4.2 Equity issues
The research findings of Farver and Shin (1987) suggested that there are discernible differences between Korean-American and Anglo-American children's pretend play themes. Korean-American play themes seemed to involve minimal social conflict, while Anglo-American children's play themes seemed to involve an emphasis on the individual and could include a degree of aggression. Farver and Shin suggested that these differences were traceable to the different cultural values the children were experiencing. How, if at all, do you think that the play of children in your setting reflects the cultural values they are being introduced to?
In many early years settings there is still a clear distinction between girls’ and boys’ play. When young children are asked about who they play with, it is not uncommon to hear comments such as four-year-old Emma's: ‘Nah, I don't play with any boys … I play with girls’ (Browne, 2004, p.66). Not only did girls and boys claim not to play with each other, but they were also very clear about the different things that girls and boys like to play with. A four-year-old boy explained that he did not play with girls because, ‘I'm not their friend … They don't like playing Power Rangers. I play Superman, Power Rangers and Batman and that's why I don't want to play with them’ (Browne, 2004, p.67).

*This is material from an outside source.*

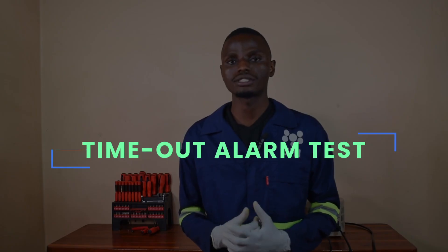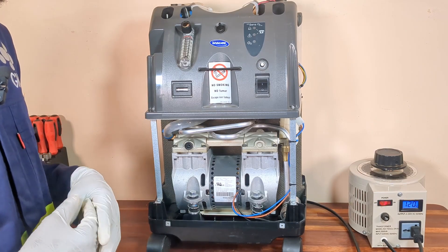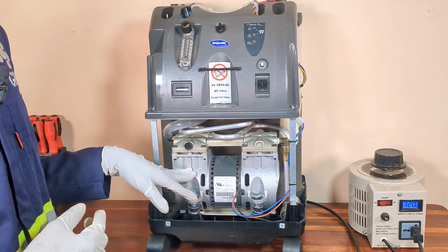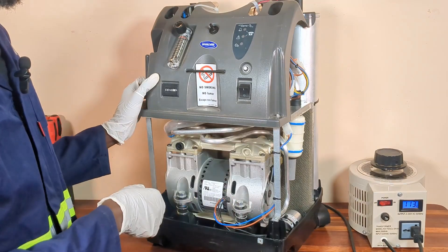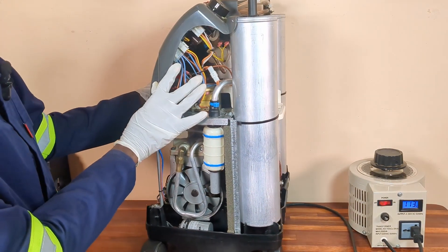Another test that you can perform is the time-out alarm test. The time-out alarm is designed to alert the user if the oxygen concentrator is not producing at least 85 percent oxygen concentration within five minutes after switching it on. To verify the functionality of the time-out alarm, you can isolate the air compressor from the system. To do that, I will disconnect the power cable supplying power to the compressor.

It is possible to argue that the children's choice of playmates and activities has a biological basis, but research on this is inconclusive. These play patterns could also be explained if children are viewed as absorbing social messages about what is ‘acceptable’ or ‘appropriate’ for girls and boys to engage in, but this argument is weakened if we view children as co-constructors of meaning (i.e. it is not one-way traffic). Furthermore, practitioners’ best efforts at introducing strategies aimed at involving children in less gender-stereotyped activities are often unsuccessful.

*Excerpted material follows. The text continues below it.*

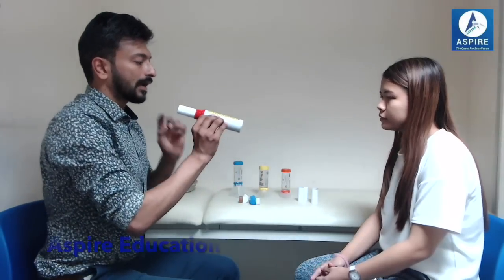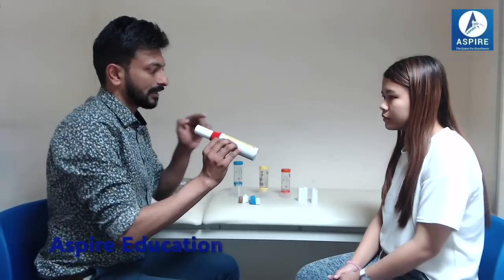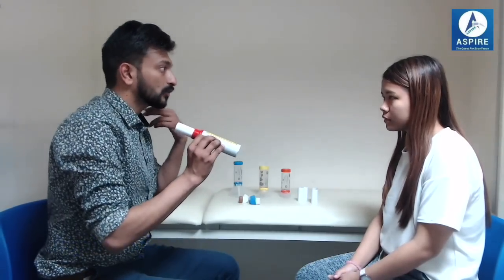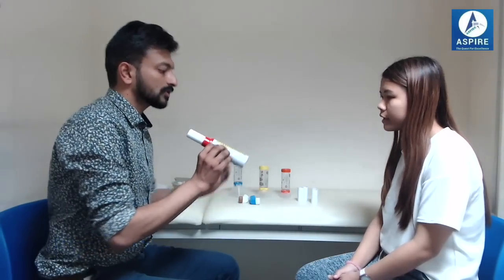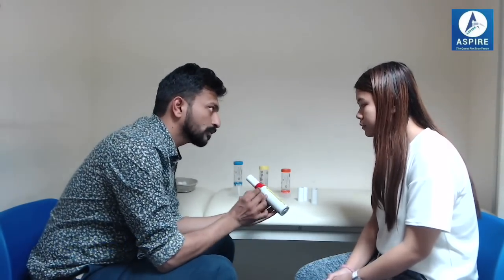Sit upright. What you have to do is take a deep breath in, make a tight seal around this mouthpiece, and blow as hard and as fast as you can. So you will be getting one reading. You have to take three readings in the morning and three readings in the evening, then plot the highest reading on the graph or on the asthma diary.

An alternative approach to looking at children's gender-based play patterns involves considering how young children come to understand what it means to be a girl or a boy in the society and culture in which they growing up. This is part of the ‘enculturing process’ referred to by Hyder (2005). Enculturing does not involve children in the uncritical adoption of the behaviour patterns or the beliefs of the society. Rather it involves children in actively trying to make sense of what they experience.

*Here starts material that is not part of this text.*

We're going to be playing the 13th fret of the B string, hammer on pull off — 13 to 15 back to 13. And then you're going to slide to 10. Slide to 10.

Children develop their identities through their interaction with others and, in the case of gender, through access to the dominant gender discourse. The dominant gender discourse positions girls (and femininity) and boys (and masculinity) as opposite and separate. Children work hard to position themselves unambiguously as female or male partly because society emphasises the two gender categories. Practitioners can help children explore new roles and different ways of positioning themselves, but providing a range of dressing-up clothes and non-sexist pictures is not enough. Adults may need to intervene in children's imaginative role-play to help children develop alternative solutions to problems and to explore different ways of being a girl or a boy: for example, girls can be powerful and assertive and boys can be caring.